Worst predictions display fails due to an empty string
Evaluation fails on Socface images due to empty lines: the worst predictions are not displayed due to an empty string:
Evaluation: 1%| | 1/126 [00:06<12:56, 6.21s/it, values={'cer': nan, 'cer_no_token': nan, 'wer': 0.0,
2024-02-08 11:06:23,748 INFO/dan.ocr.evaluate: Evaluating on set `test`
Evaluation: 1%| | 1/109 [00:22<40:16, 22.37s/it, values={'cer': 0.0599, 'cer_no_token': 0.0651, 'wer':
#### DAN evaluation
| Split | CER (HTR-NER) | CER (HTR) | WER (HTR-NER) | WER (HTR) | WER (HTR no punct) | NER |
|:-----:|:-------------:|:---------:|:-------------:|:---------:|:------------------:|:----:|
| val | nan | nan | 0.0 | 0.0 | 0.0 | nan |
| test | 5.99 | 6.51 | 17.24 | 16.14 | 16.14 | 1.84 |
#### Nerval evaluation
##### test
| tag | predicted | matched | Precision | Recall | F1 | Support |
|:-----------------:|:---------:|:-------:|:---------:|:------:|:-----:|:-------:|
| surname_household | 10 | 9 | 90.0 | 81.82 | 85.71 | 11 |
| surname | 20 | 18 | 90.0 | 94.74 | 92.31 | 19 |
| occupation | 30 | 30 | 100.0 | 100.0 | 100.0 | 30 |
| nationality | 30 | 30 | 100.0 | 100.0 | 100.0 | 30 |
| lob | 30 | 23 | 76.67 | 79.31 | 77.97 | 29 |
| link | 30 | 30 | 100.0 | 100.0 | 100.0 | 30 |
| firstname | 30 | 28 | 93.33 | 93.33 | 93.33 | 30 |
| employer | 8 | 7 | 87.5 | 87.5 | 87.5 | 8 |
| birth_date | 30 | 30 | 100.0 | 100.0 | 100.0 | 30 |
| All | 218 | 205 | 94.04 | 94.47 | 94.25 | 217 |
Traceback (most recent call last):
File "/gpfsdswork/projects/rech/rxm/ulb79yw/dan/env/bin/teklia-dan", line 8, in <module>
sys.exit(main())
File "/gpfsdswork/projects/rech/rxm/ulb79yw/dan/dan/cli.py", line 26, in main
status = args.pop("func")(**args)
File "/gpfsdswork/projects/rech/rxm/ulb79yw/dan/dan/ocr/evaluate.py", line 221, in run
eval(0, config, nerval_threshold, mlflow_logging)

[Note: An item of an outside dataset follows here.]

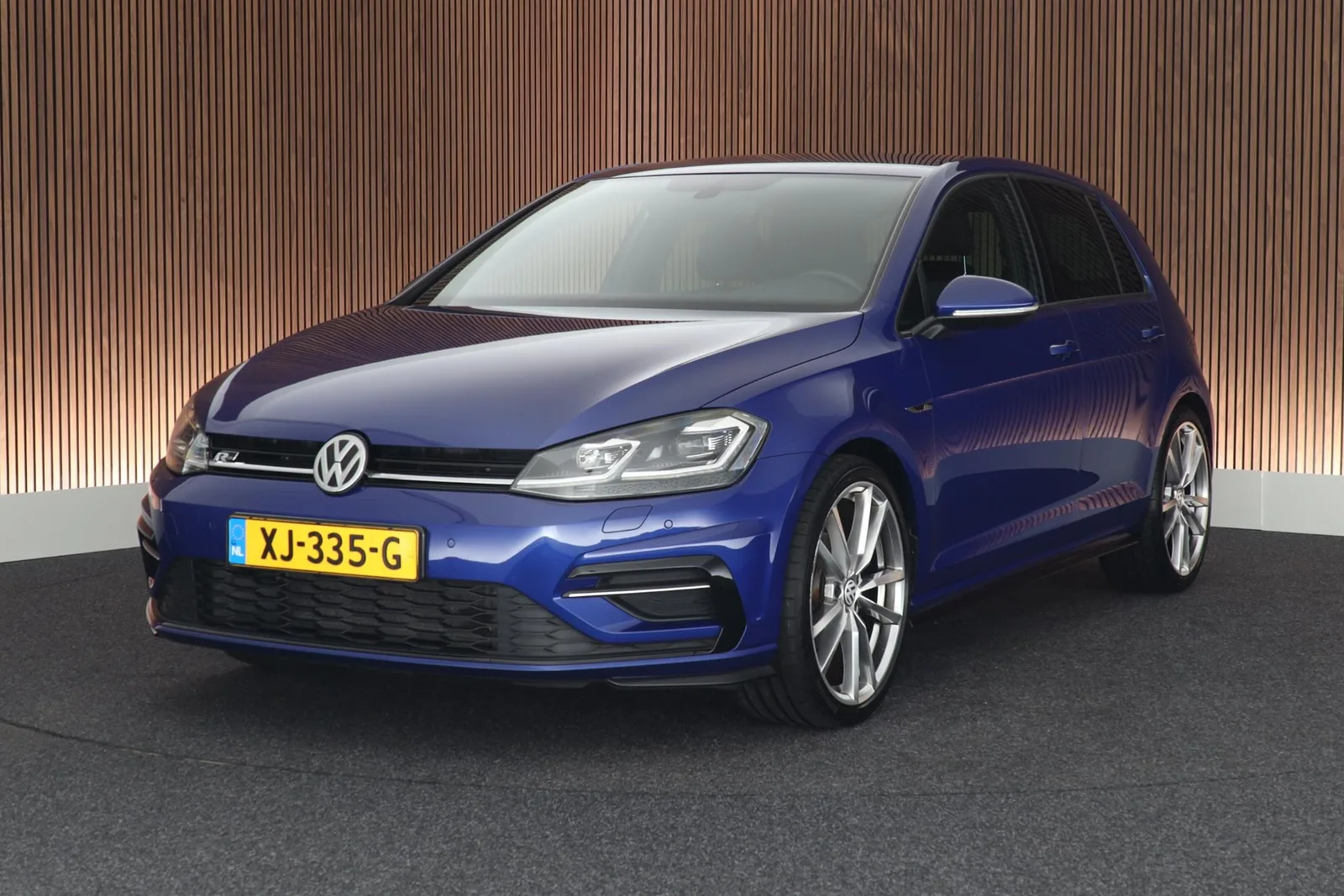 Volkswagen Golf (2019) — foto 1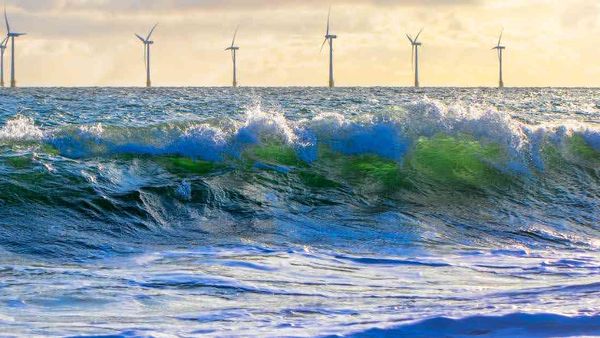 Energi Gelombang Laut: Indonesia Mulai Manfaatkan Potensinya untuk Transisi Energi?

File "/gpfsdswork/projects/rech/rxm/ulb79yw/dan/dan/ocr/evaluate.py", line 199, in eval
print_worst_predictions(all_inferences)
File "/gpfsdswork/projects/rech/rxm/ulb79yw/dan/dan/ocr/evaluate.py", line 90, in print_worst_predictions
alignment = getNiceAlignment(
File "edlib.pyx", line 195, in edlib.getNiceAlignment
Exception: The object alignResult contains an empty CIGAR string. Users must run align() with task='path'. Please check the input alignResult.